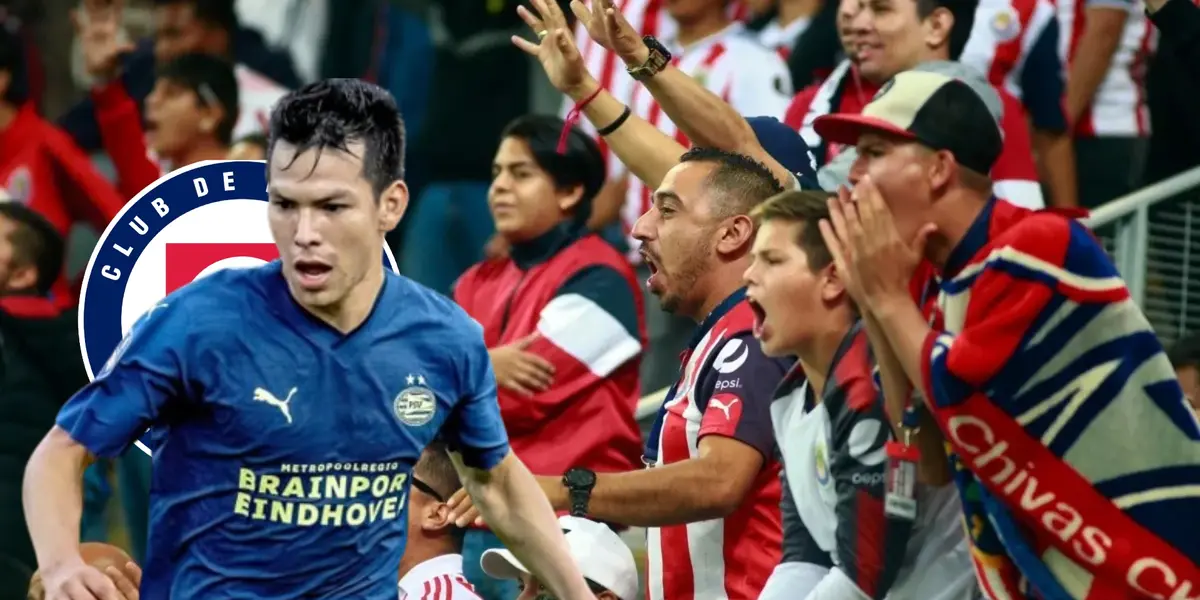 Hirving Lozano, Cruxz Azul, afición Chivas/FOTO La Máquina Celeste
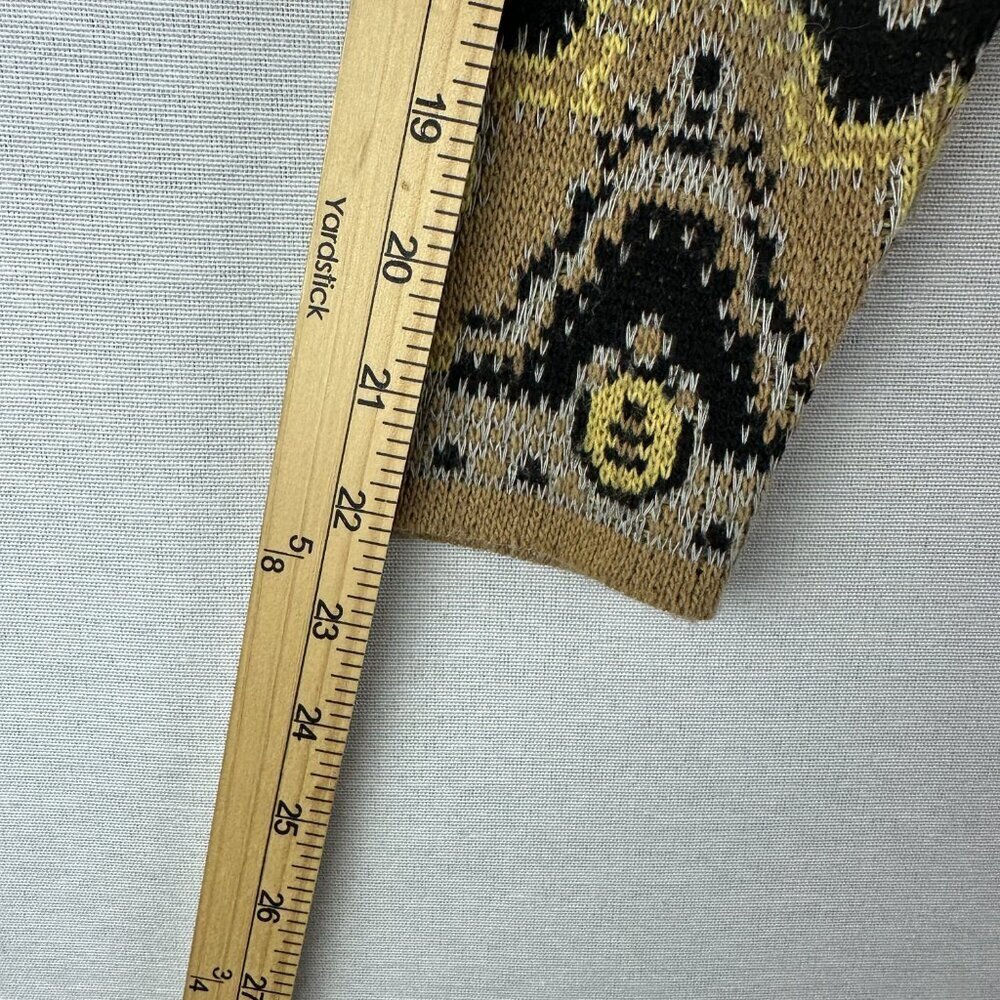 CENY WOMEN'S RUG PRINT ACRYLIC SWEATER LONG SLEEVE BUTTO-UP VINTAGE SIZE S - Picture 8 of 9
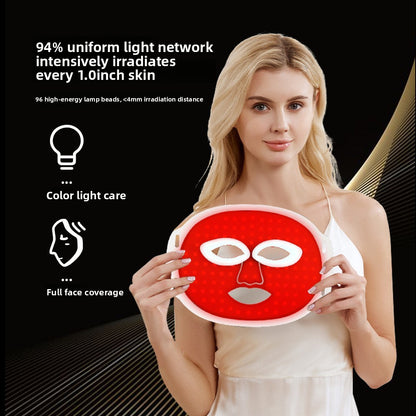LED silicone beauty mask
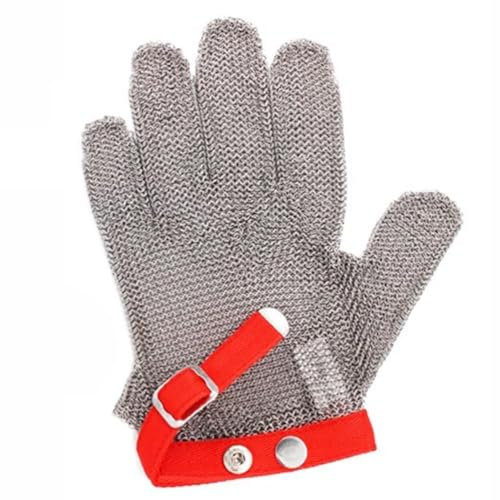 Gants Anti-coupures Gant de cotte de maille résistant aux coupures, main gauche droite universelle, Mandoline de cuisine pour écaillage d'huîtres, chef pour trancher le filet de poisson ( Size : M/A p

********

## Task details
Repeat the listing above verbatim, but exclude the pictures it contains.

## Reply
 Hirving Lozano, Cruxz Azul, afición Chivas/FOTO La Máquina Celeste
 CENY WOMEN'S RUG PRINT ACRYLIC SWEATER LONG SLEEVE BUTTO-UP VINTAGE SIZE S - Picture 8 of 9
LED silicone beauty mask
 Gants Anti-coupures Gant de cotte de maille résistant aux coupures, main gauche droite universelle, Mandoline de cuisine pour écaillage d'huîtres, chef pour trancher le filet de poisson ( Size : M/A p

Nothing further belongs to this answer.